In 2014, as a Cherokee Nation citizen, Fields advocated for the tribal council to raise the age of consent for sex from 14-years-old to 16-years-old.

In 2016, Fields hosted the Charles Head Memorial Native Youth Summit, an alliance to stop violence against Native American women.

In 2018, Fields sat on the board of directors for the National Urban Indian Youth Alliance.

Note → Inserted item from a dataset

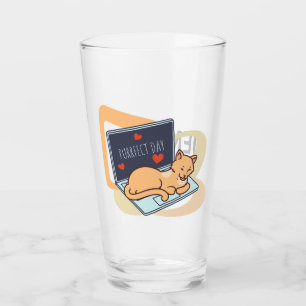 Copo De Pint Gato de computador adormecido bonito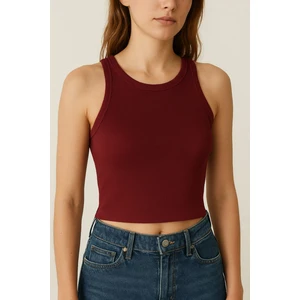 Halter Yaka Bluz Crop Fitilli Atlet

==Awards and recognition==

=== Awards ===
- 2013 Center for Native American for Youth Champion for Change Award
- 2013 Oklahoma's Governor's Commendation and creation of Cierra Fields Day, on May 9, 2013, for the State of Oklahoma
- 2013 Cherokee Nation Tribal Resolution #13-042 Recognizing tribal citizen, Cierra Fields
- 2014 Cherokee Nation Distinguished Spirit of Life Award Winner
- 2014 President Obama's Volunteer Service Award Winner
- 2015 Prudential Spirit of Community Award-Bronze Award
- 2015 Soroptomist International Violet Richardson Southwest Award Winner
- 2016 Attendee of the White House United State of Women Summit
- 2016 Honoree class of Unity 25 under 25 youth leadership conference
- 2016 United Nations SustainUS Delegate to the United Nations 58th Commission on the Status of Women
- 2016 United State of Women Summit White House Change Maker
- 2017 Recipient of $10,000 Make Sense Foundation college scholarship

=== Honors ===
- 2013-2016 White House Tribal Leaders Conference Cherokee Nation Youth Representative
- 2014-2017 Center for Native American Youth Advisor
- 2014-2016 We R Native National Youth Ambassador
- 2014-2016 National Congress of American Indians Youth Cabinet Member
- 2016-2017 Ralience Youth Board Member
- 2014-2017 White House Tribal Youth Gathering Ambassador
- Guest speaker at the Interfaith Service during the Let Freedom Ring 50th Anniversary of Martin Luther King, Jr.'s historic march on Washington D.C.